There are few visible signs of the good fortune hovering over this little company town by the Baltic Sea. Yet, if the 57-year-old farmer-owned company here, Raisio Group, a maker of french fries, wheat flour and pet food, plays its margarine right, it may turn into one of those Cinderella success stories usually associated with California software companies or, say, the maker of Nutrasweet.
The reason is that Raisio's new margarine, Benecol, contains a plant extract from the pine trees of Finland that medical testing has shown not only blocks but actually lowers levels of cholesterol in the bloodstream. It sounds almost too good to be true: Simply dab some Benecol on morning toast and within months your cholesterol count may be down 10 to 15 percent and the risk of a heart attack may be cut by a third. So far, a study published in the New England Journal of Medicine has supported the claims, and no negative side effects have been reported.
Ever since Raisio began to produce and sell the new margarine late last year, the conservative company managers have been struggling to keep their Nordic cool in the face of a frenzy by investors and the media.
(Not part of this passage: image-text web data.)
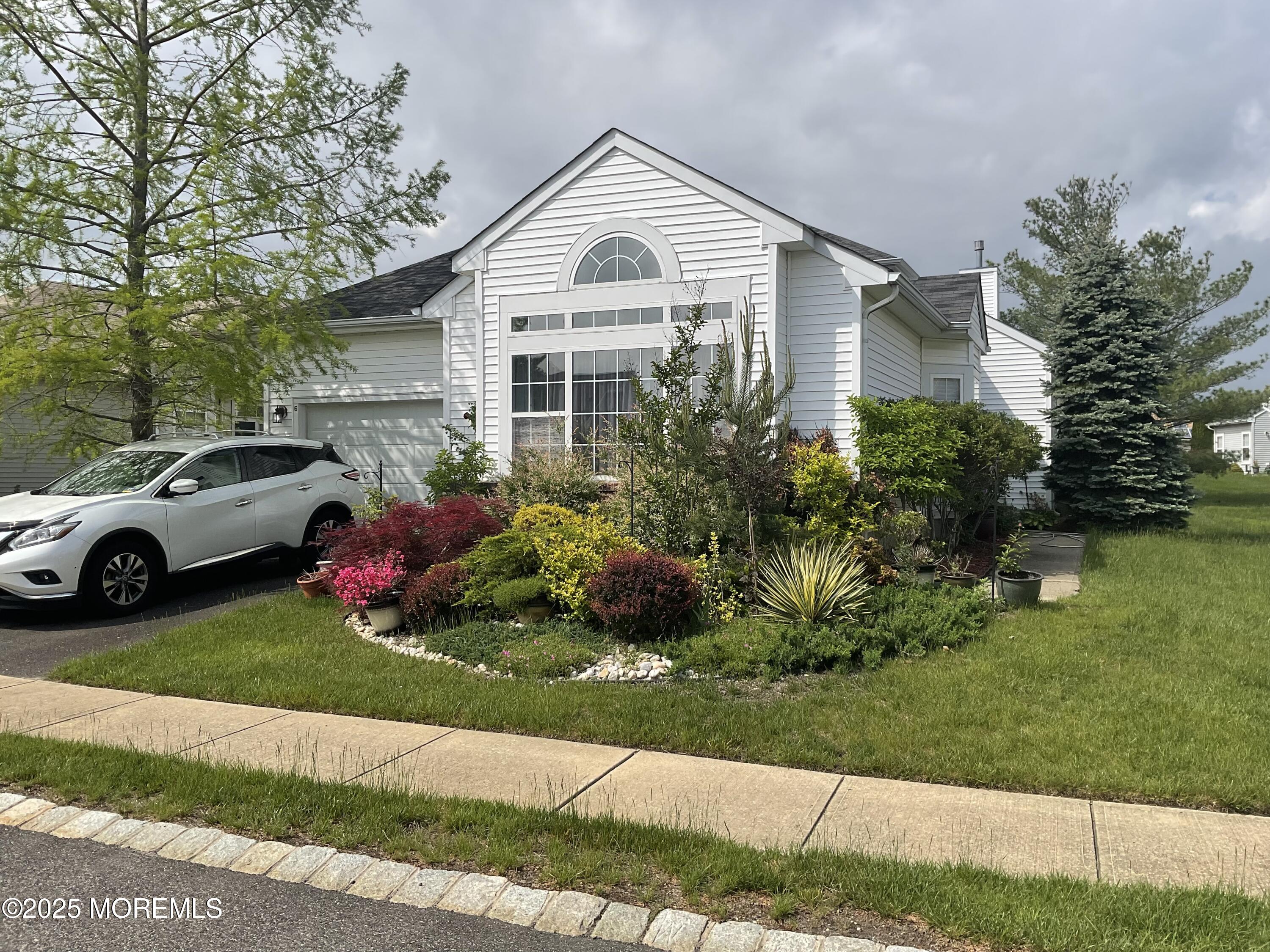 6 Ravenna Road — photo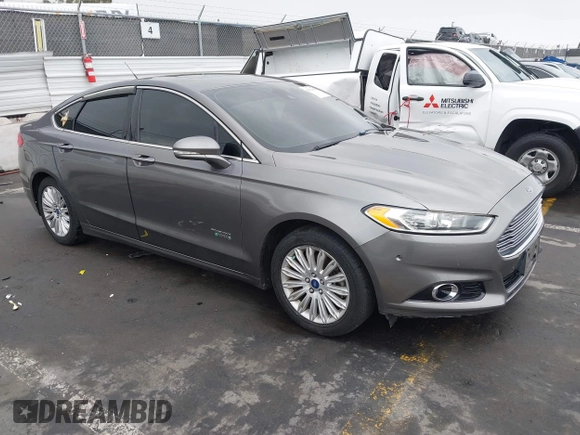 2013 Ford Fusion Titanium with VIN 3FA6P0SUXDR332271, listed as a IAAI auction lot 42174434 with 201,404 mi miles and . Bid and sale history available at DreamBid. Image 1.
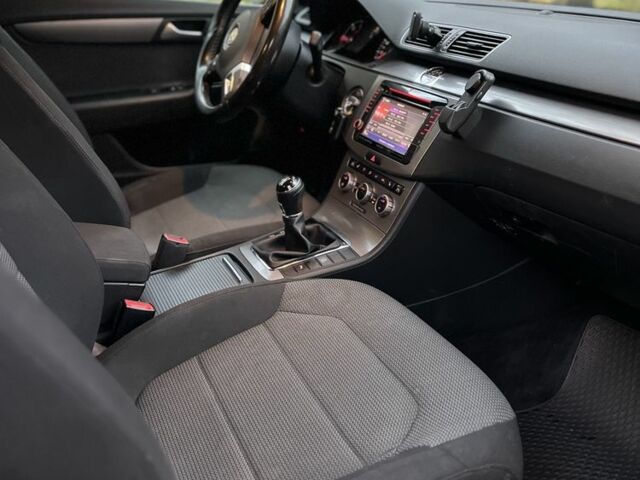 Білий Фольксваген Пассат Варіант, об'ємом двигуна 2 л та пробігом 465 тис. км за 9809 $, фото 5 на Automoto.ua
In the past several months, Raisio stock has more than quadrupled to about $68 a share on the Helsinki Stock Exchange. While Benecol is sold only in Finland for now, the demand has been so overwhelming that the company is hurriedly building a factory to raise production to 5.1-million pounds in 1997 from 880,000 this year.
Even though the cost of Benecol is about five times that of ordinary margarine _ about $10 a pound compared with $1.90 _ Helsinki's big Stockmann stores around the country regularly put up signs apologizing to customers for running out of it.
Global food processing giants are courting Raisio's patented invention. Foreign investors, who owned just 9 percent of the stock last year, now own 44 percent. And, some analysts predict confidently that it will become a major international brand by decade's end, even though sales in the rest of Europe and the United States are probably far off.
"It is like an atomic bomb we didn't mean to invent," said Jukka Maki, 61, the company's deputy chief executive. "We were just looking for a better margarine."
Benecol was born in the laboratory of Ingmar Wester, a company scientist who spent eight years developing a method to extract plant substances known as sterols, whose efficacy in reducing the cholesterol content of blood has been recognized for half a century, and to make them soluble in water.
Working closely with researchers at two Finnish universities, Wester, 37, discovered that sitostanol, a sterol found in pine trees, could be mixed with fatty foods without altering their taste.
Wester completed his work in 1991. But Raisio did not act on his discovery until the results of a yearlong study of sitostanol's effect on the cholesterol levels in 1,500 Finns were published in the New England Journal of Medicine in November.
Now, however, the company does not plan to stop with Benecol. Its scientists are already looking into ways of putting sitostanol into everything from chocolate candy, ice cream and energy bars to mayonnaise, cereals and hamburgers.